Association of Subthalamic Deep Brain Stimulation With Motor, Functional, and Pharmacologic Outcomes in Patients With Monogenic Parkinson Disease: A Systematic Review and Meta-analysis.

Author information

Department of Neuroscience Rita Levi Montalcini, University of Torino, Torino, Italy.
Texas Tech University Health Sciences Center El Paso, El Paso.
Rush University Medical Center, Chicago, Illinois.
Consultorio de Neurogenética-Centro Universitario de Neurologia y Division Neurologia-Hospital J. M. Ramos Mejia-CONICET, Buenos Aires, Argentina.
Genomic Medicine, Lerner Research Institute, Cleveland Clinic, Cleveland, Ohio.
Gardner Family Center for Parkinson's Disease and Movement Disorders, Department of Neurology, University of Cincinnati, Cincinnati, Ohio.
Abbott Laboratories, Austin, Texas.
The London Clinic, London, United Kingdom.
Department of Neurology, Leiden University Medical Center, Leiden, the Netherlands.
Department of Neurology, Haga Teaching Hospital, The Hague, the Netherlands.
Morton and Gloria Shulman Movement Disorders Clinic, Edmond J. Safra Program in Parkinson's Disease, Toronto Western Hospital, University Health Network, Toronto, Ontario, Canada.
Division of Neurology, University of Toronto, Toronto, Ontario, Canada.
Krembil Research Institute, Toronto, Ontario, Canada.

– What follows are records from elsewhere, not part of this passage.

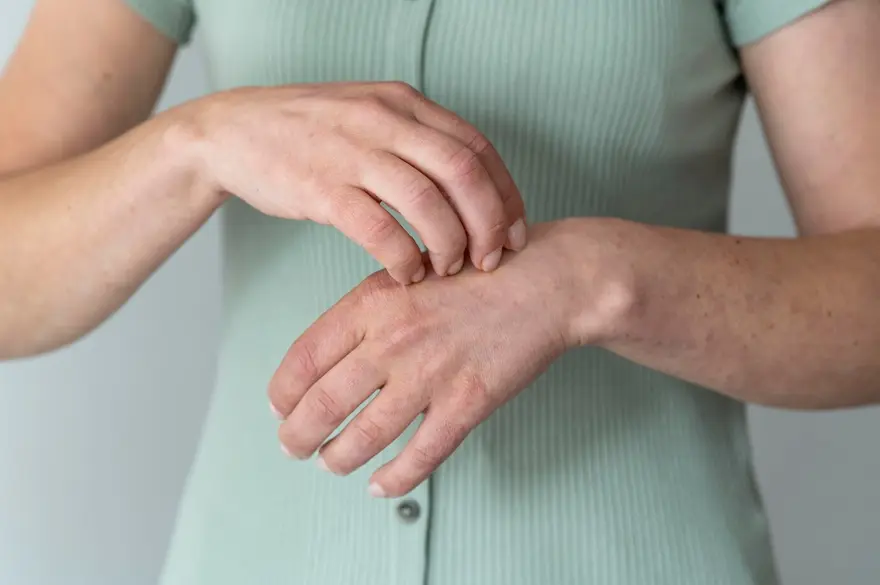 Defeating Contact Dermatitis: Unveiling Causes, Symptoms, and Solutions
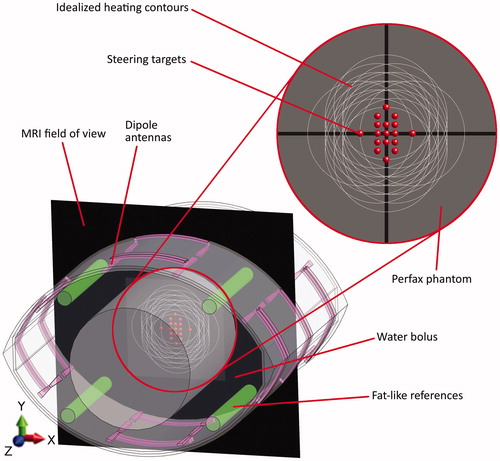 Figure 1. Cross-section of the phantom (grey central circle) in the applicator. The dipole antennas are purple; the green cylinders are the reference tubes filled with fat-like material that is used for B0 drift correction. The black plane is the MRI field of view. Red dots are the steering targets and the white circles represent the corresponding idealised 50% heating contours. These steering settings are representative since, in clinical practice, heating targets are generally centrally located.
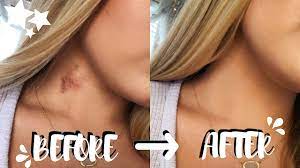 More images for how to cover a hickey without makeup » How To Get Rid Of Hickeys In Two Easy Steps No Color Correcting Brooklyn Anne Youtube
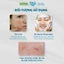 Set 2 Bọt rửa mặt cho da dầu mụn Freeskin - Novocare Làm sạch sâu, hỗ trợ giảm mụn và bã nhờn, không khô căng da 120ml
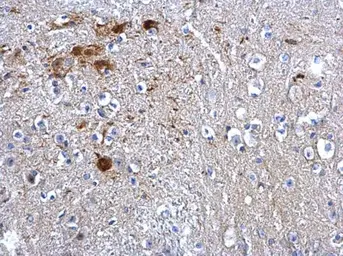 Anti-PTEN antibody used in IHC (Paraffin sections) (IHC-P). GTX101025
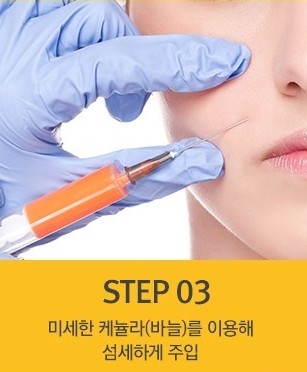 세월의 흔적을 감추는 매끈한 손등! JW정원성형외과 손등지방이식 관련 이미지 4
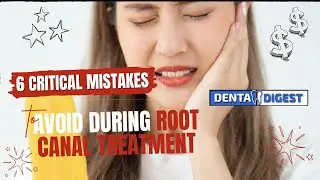 6 Critical mistakes to avoid during Root canal treatment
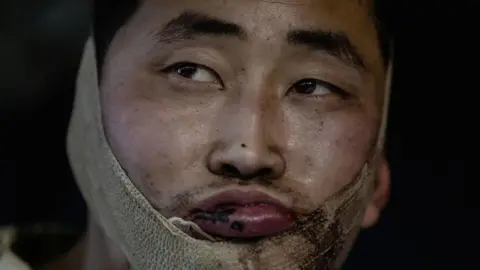 The image shows a close-up of mans face. He has a bloodied lip and bandage around his jaw and he is looking away from the camera 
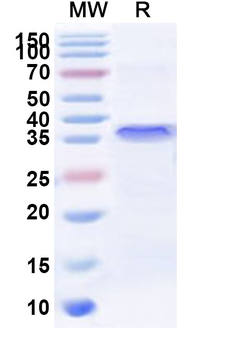 Human ZNF449 Recombinant Protein (N-His)
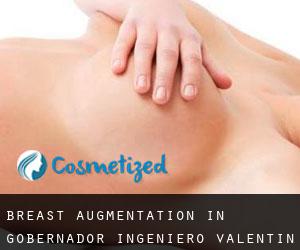 Breast Augmentation in Gobernador Ingeniero Valentín Virasoro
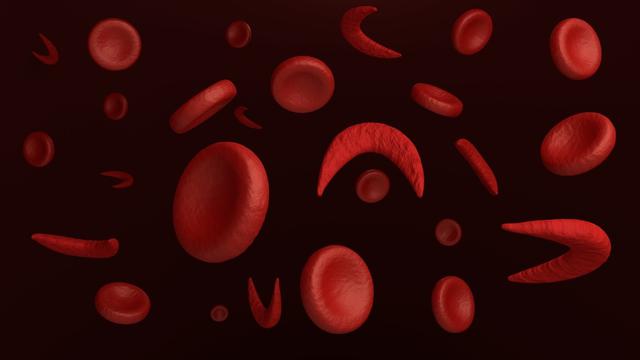 6 Jenis Penyakit Anemia yang Umum Terjadi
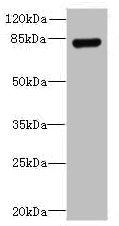 TGS1 Antibody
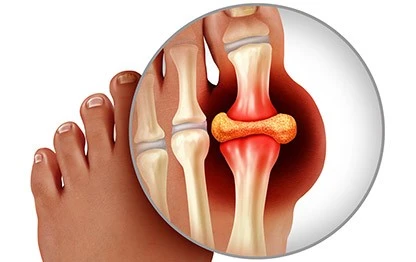 Gouth - Natural Treatment at Deepak Nature Cure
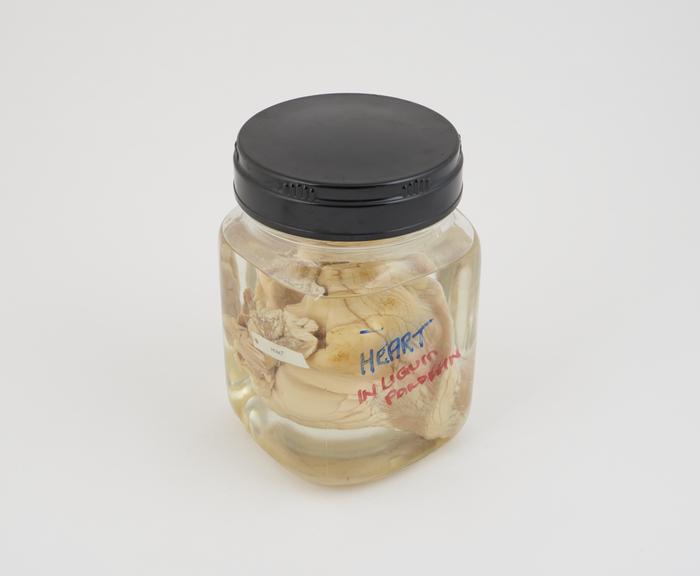 Pig heart in liquid paraffin, in jar (unlabelled)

Comparative outcomes among different monogenic forms of Parkinson disease after subthalamic nucleus deep brain stimulation (STN DBS) remain unclear.


To compare clinical outcomes in patients with the most common monogenic forms of Parkinson disease treated with STN DBS.

Design, Setting, and Participants:

Systematic review and meta-analysis in which a PubMed search of interventional and noninterventional studies of Parkinson disease with LRRK2, GBA, or PRKN gene mutations published between January 1, 1990, and May 1, 2018, was conducted. Among the inclusion criteria were articles that reported the Motor subscale of the Unified Parkinson's Disease Rating Scale Part III (UPDRS-III) before and after STN DBS treatment, that involved human participants, and that were published in the English language. Studies that used aggregated data from patients with different genetic mutations were excluded, and so were studies with assumed but not confirmed genetic data or incomplete follow-up data.

Main Outcomes and Measures:

Changes in UPDRS-III scores and levodopa equivalent daily dose (LEDD) were analyzed for each monogenic form of Parkinson disease. Additional end points included activities of daily living (UPDRS-II), motor complications (UPDRS-IV), and cognitive function.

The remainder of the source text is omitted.